> [Data in this exercise]
★ ★ ★ ★ ★ ★ ★
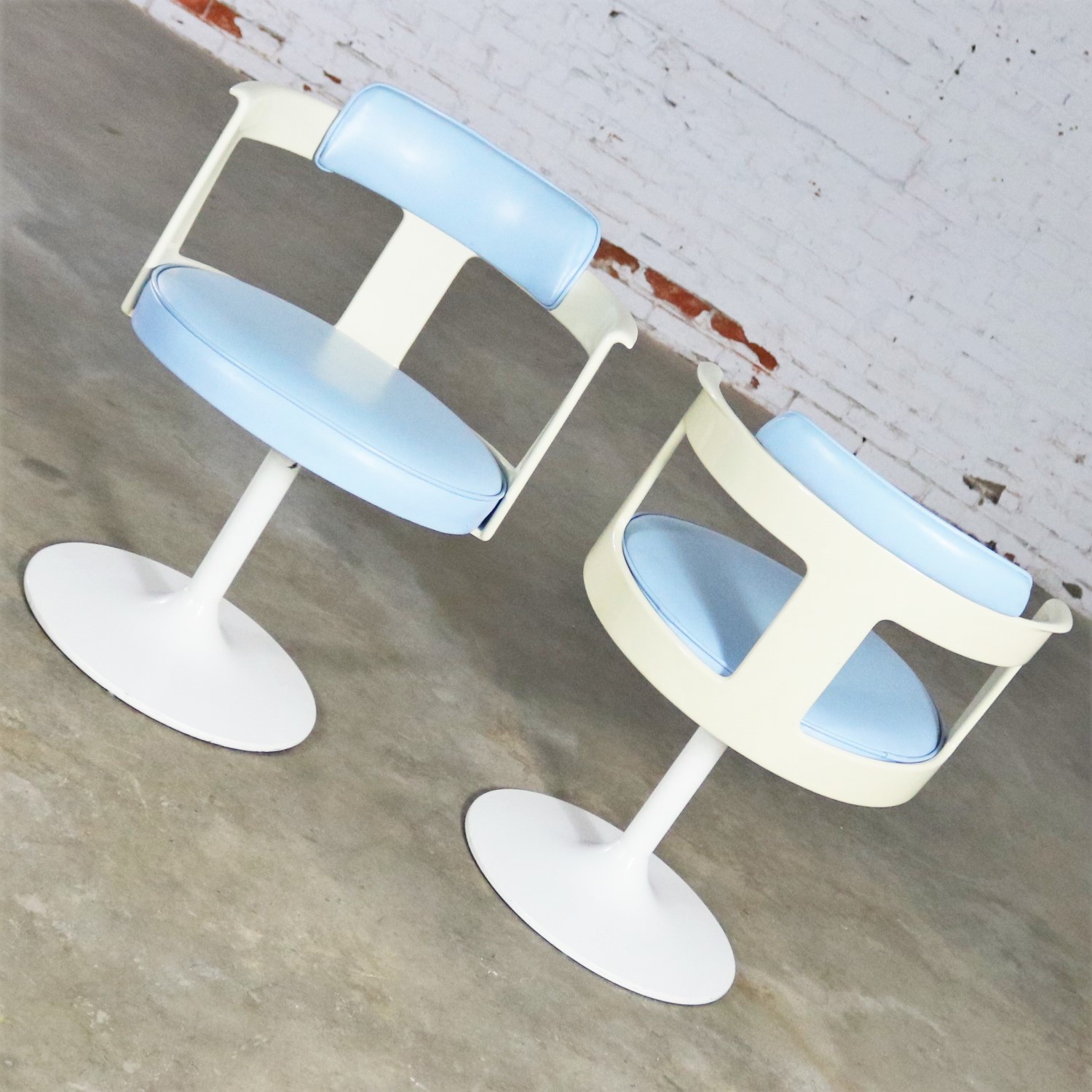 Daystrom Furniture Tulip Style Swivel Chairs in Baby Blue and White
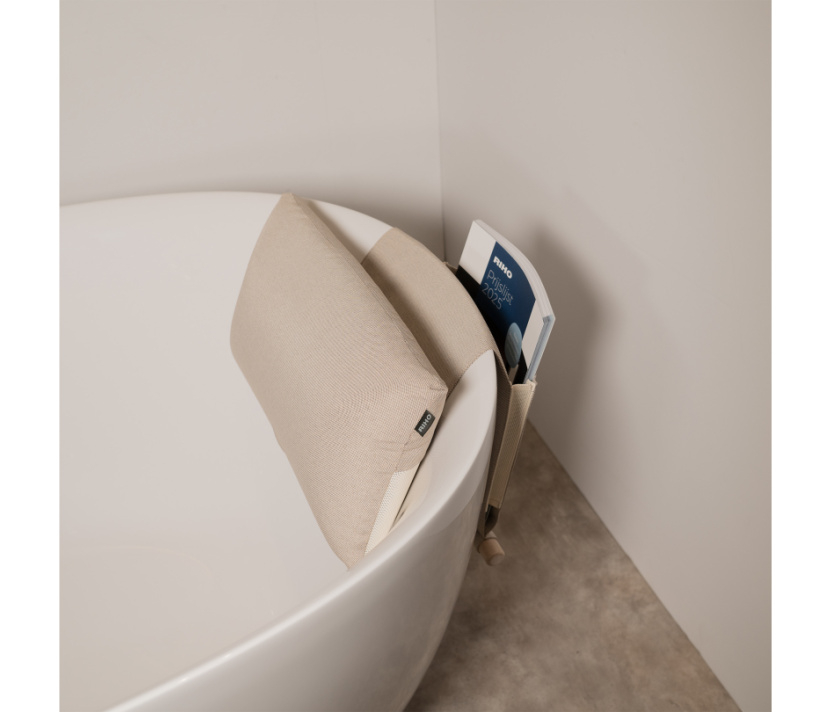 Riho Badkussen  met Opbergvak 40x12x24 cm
★ ★ ★ ★ ★ ★ ★
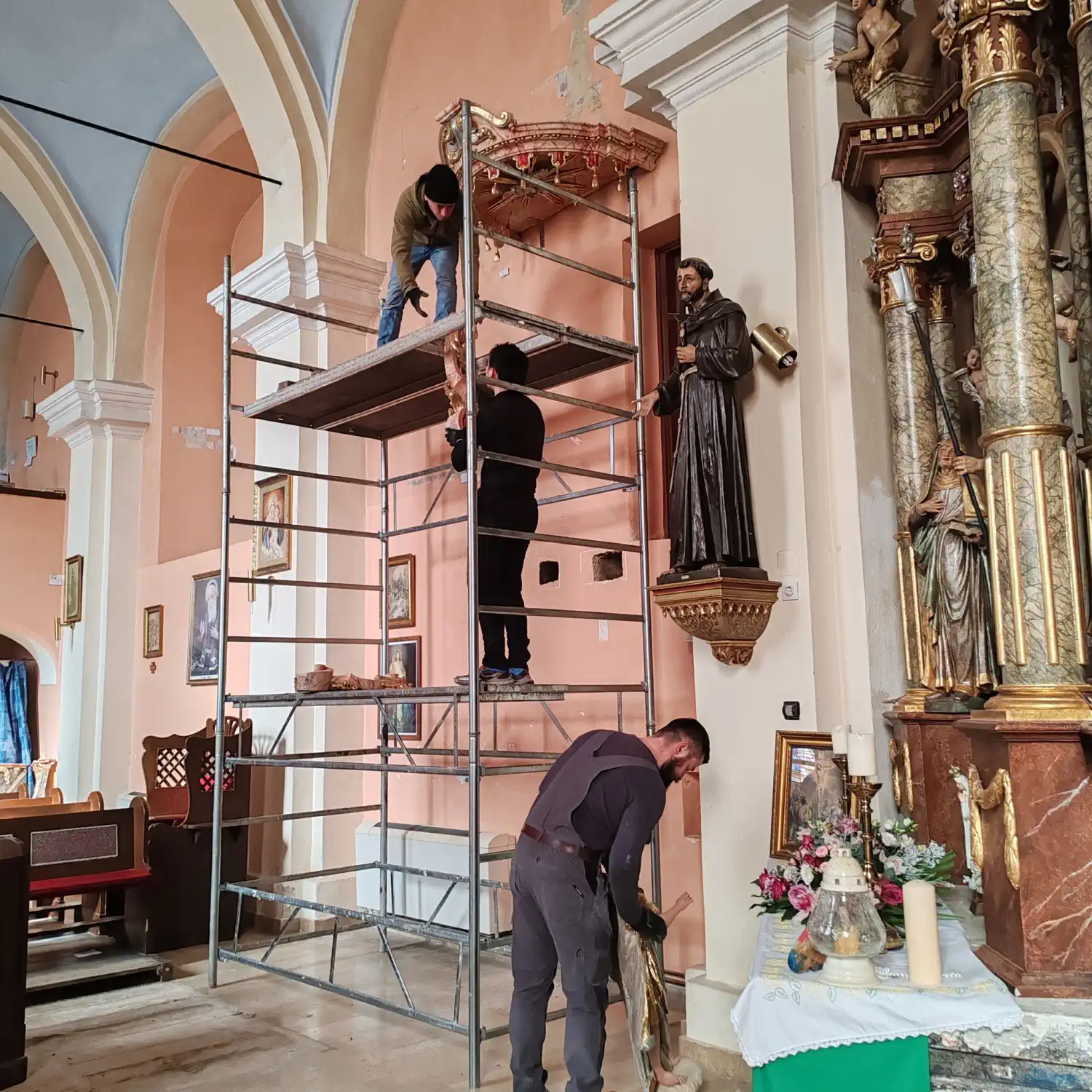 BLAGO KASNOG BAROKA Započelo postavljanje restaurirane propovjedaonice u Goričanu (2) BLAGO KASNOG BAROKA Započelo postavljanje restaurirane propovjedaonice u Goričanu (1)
★ ★ ★ ★ ★ ★ ★
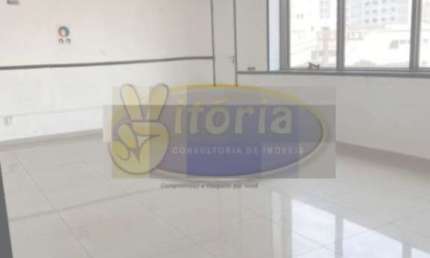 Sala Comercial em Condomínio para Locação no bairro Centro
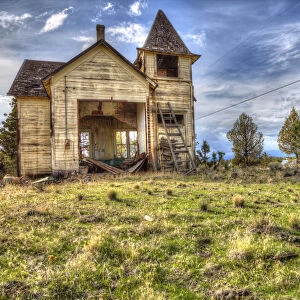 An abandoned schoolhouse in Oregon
★ ★ ★ ★ ★ ★ ★
> [What you are asked to do]
What you return must match, character for character, the lines above from the one with "Daystrom Furniture Tulip" through the one with "Opbergvak 40x12x24 cm", minus any pictures.

> [Written reply]
 Daystrom Furniture Tulip Style Swivel Chairs in Baby Blue and White
 Riho Badkussen  met Opbergvak 40x12x24 cm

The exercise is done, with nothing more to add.